Her mother managed to sell minks and jewels squirreled away in dowry chests kept in their country home to raise funds.
In the early years of communism, Mrs Budis worked as an architect (she managed to graduate before the communists changed the rules to discriminate against ‘class enemies’). She married, had a daughter, Anda, and divorced.
She got political asylum in Switzerland in 1973 and began a tough life as an immigrant, a single mother in a patriarchal society where women architects were uncommon.
Separated from her beloved daughter, (who was enjoying life to the full in Bucharest free from parental supervision), a mixture of grit and mother’s love led her to write a midnight telegram to Pat Nixon, the wife of U.S. President Richard Nixon.
Nicolae and Elena Ceausescu had just touched down in Washington for a state visit.
Mrs Nixon took the Romanian leader’s wife to one side and appealed to her as a mother to intervene to help Anda and her grandmother legally leave Romania.
A week later, the teenager arrived in Switzerland with her grandmother. The sociable Anda_ now known as Sandra_ adapted quickly, was a brilliant student, and in her early 20s, married dashing UN officer Christophe Pralong.

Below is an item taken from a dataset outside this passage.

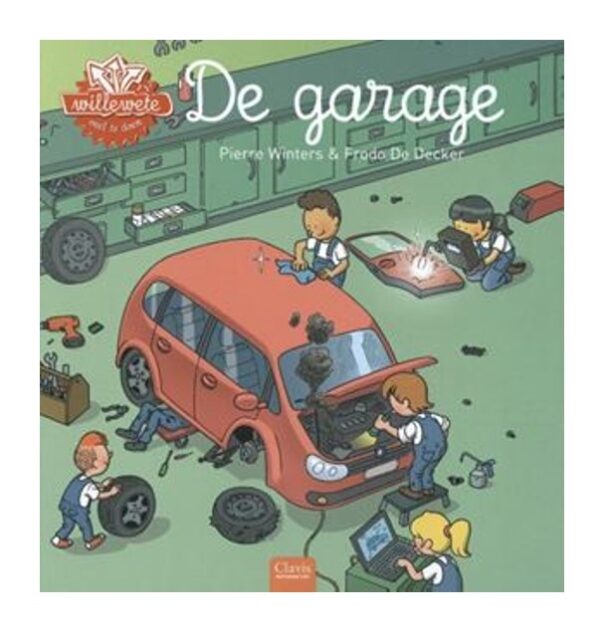 De garage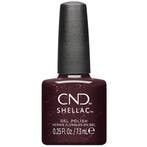 CND  Shellac #459 Poison Plum  7,3 ml, Verzenden, Nieuw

The young couple were united by a desire to help others, but their married life was brutally cut short. Christophe tragically died in Switzerland, recovering from a car accident in Niger where he was on a mission as a UN junior professional officer (JPO).
Sanda suffered so deeply for her daughter that for a moment she wanted to die. It was Sandra that pulled her through, reminding her of the work they still had to do.
Constantly frustrated by the enduring legacy of communism: selfishness, hypocrisy, and lagging reforms, she remained an optimist who cared deeply about her nation, her many, many friends and above all, Sandra.
Rebuilding the nation
An architect by profession, she and her daughter rolled up their sleeves up when they returned to Romania after 1989. They dedicated themselves to rebuilding their nation in the aftermath of communism.
Disappointed, discouraged and occasionally deceived, they did not give up and continued their work, fueled by a love for the country and a belief in its future.
Sanda Budis was the only daughter of Gen. Alexandru Budis and Florica Grigorescu, a beautiful and accomplished artist. (She was the daughter of Clio Contogeorges who in turn was the daughter of of Anna de Lusi who of Venetian aristocracy).
Sanda considered herself the invisible link between her father, a military strategist, and her accomplished and public daughter.
Aged 86, she penned her memoirs, “Fata tatei si mama fetei” (His daughter, her mother) which reflected this sentiment. The book which describes her life and the country’s history tells the story of how her mother fled to Odessa before the Bolshevik revolution. I thas been translated into French and is being translated into English.
Her outwardly stern demeanor and direct manner could startle people at times, but it hid a heart of gold. She was often uncompromising and outspoken in a society that prefers innuendo and allusion. Despite her frailty in recent years, she was formidable, even scary at times.
On her 95th birthday she looked out on the same sea that had brought her Greek ancestors to these troubled shores. Guests urged her to live another five years and we scribbled messages on helium balloons.
But Sanda was tired. A month earlier they played „My Way” by Frank Sinatra on the ship to celebrate her life. She was never going to please the crowd.
And so, she died at home lulled by the waves just a few yards away. „The Admiral has set sail,” her daughter wrote. „May you have fair winds and following seas.”
The funeral will be held in Bucharest on Saturday at the St Silvestru Church. She will be buried at the Ghencea military cemetery next to her parents.